Un’Italia divisa tra sole e pioggia con grandi differenze climatiche
Analizzando il quadro complessivo della giornata del 15 febbraio, emerge chiaramente come l’Italia presenterà condizioni meteorologiche molto diversificate da Nord a Sud e da costa a entroterra. Le città settentrionali e del Centro Nord come Milano e Trento godranno di giornate sostanzialmente asciutte, con assenza totale di precipitazioni, caratterizzate però da temperature piuttosto differenti: miti e primaverili a Milano, decisamente invernali a Trento. Roma si posiziona in una situazione intermedia favorevole, con temperature gradevoli e rischio pioggia molto basso. Il quadro peggiora decisamente spostandosi verso il Centro-Sud: Napoli e soprattutto Campobasso dovranno fare i conti con piogge certe e condizioni decisamente meno confortevoli.

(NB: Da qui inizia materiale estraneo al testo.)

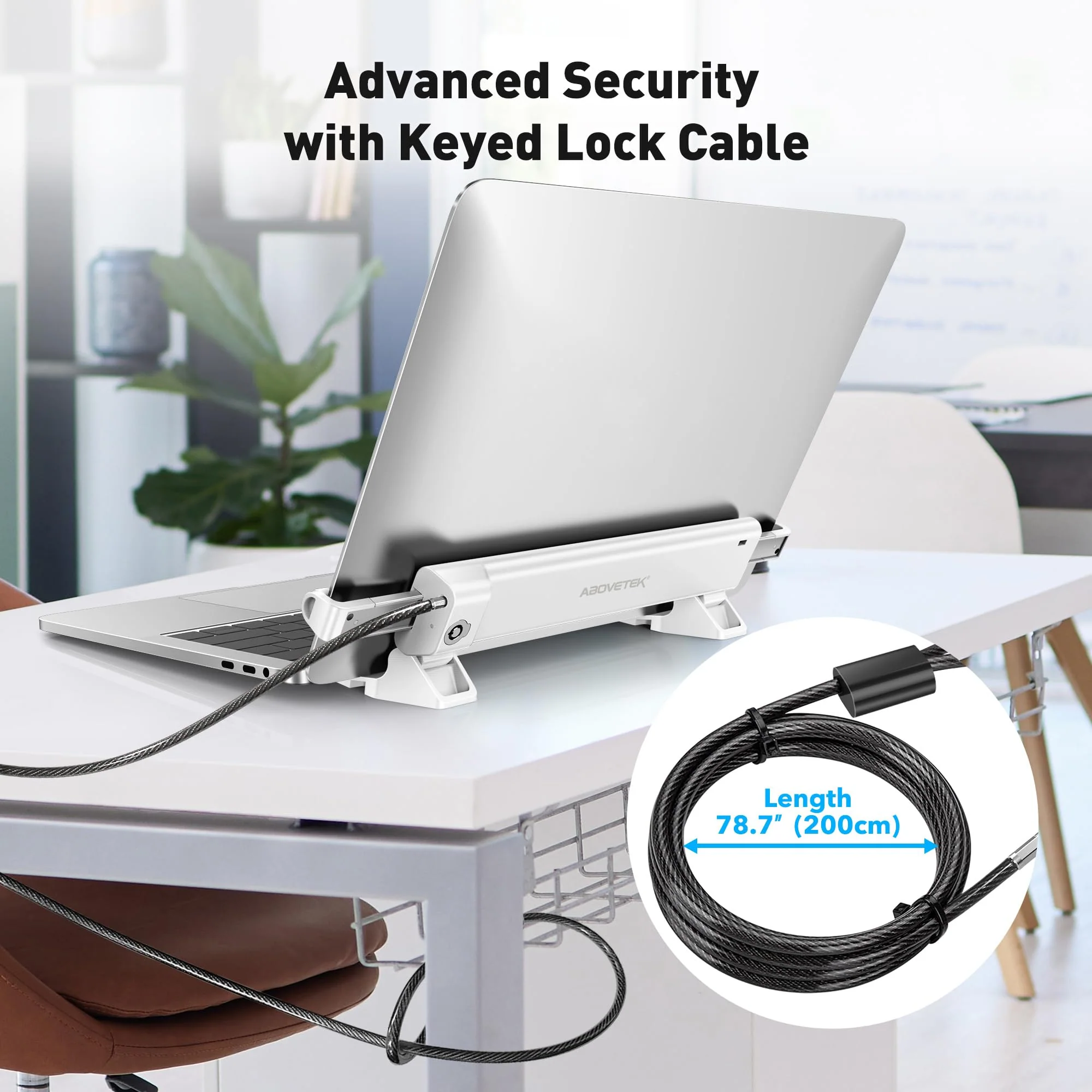 AboveTEK MacBook & Surface Laptop Locking Station with Combo Lock Cable, Anti Theft Folding Security Laptop Desk Mount, Adjustable & Portable, Fits 12"-16" Laptops/Notebooks (White) - Image 5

Particolarmente significativa risulta la differenza nelle velocità del vento: mentre Milano, Roma e Trento sperimenteranno brezze leggere intorno agli 11-12 chilometri orari, Napoli e Campobasso subiranno venti quasi tre volte più intensi, che contribuiranno ad aumentare la sensazione di freddo percepito. L’escursione termica tra Campobasso e Roma raggiunge gli 8 gradi per quanto riguarda le massime, una differenza notevole considerando che si tratta di località non eccessivamente distanti. Chi ha la possibilità di scegliere dove trascorrere la giornata dovrebbe orientarsi verso Milano o Roma per le condizioni più favorevoli, evitando invece le zone interne del Centro-Sud dove freddo, umidità e pioggia renderanno l’esperienza outdoor poco piacevole. Per gli appassionati di fotografia, le nuvole parziali previste in molte località potrebbero regalare giochi di luce interessanti, specialmente nelle ore del tramonto. In generale, la giornata si presta a diverse tipologie di attività a seconda della location scelta: passeggiate urbane e gite fuori porta al Centro-Nord, attività indoor e culturali al Sud e nelle zone interne dove le condizioni risultano meno favorevoli.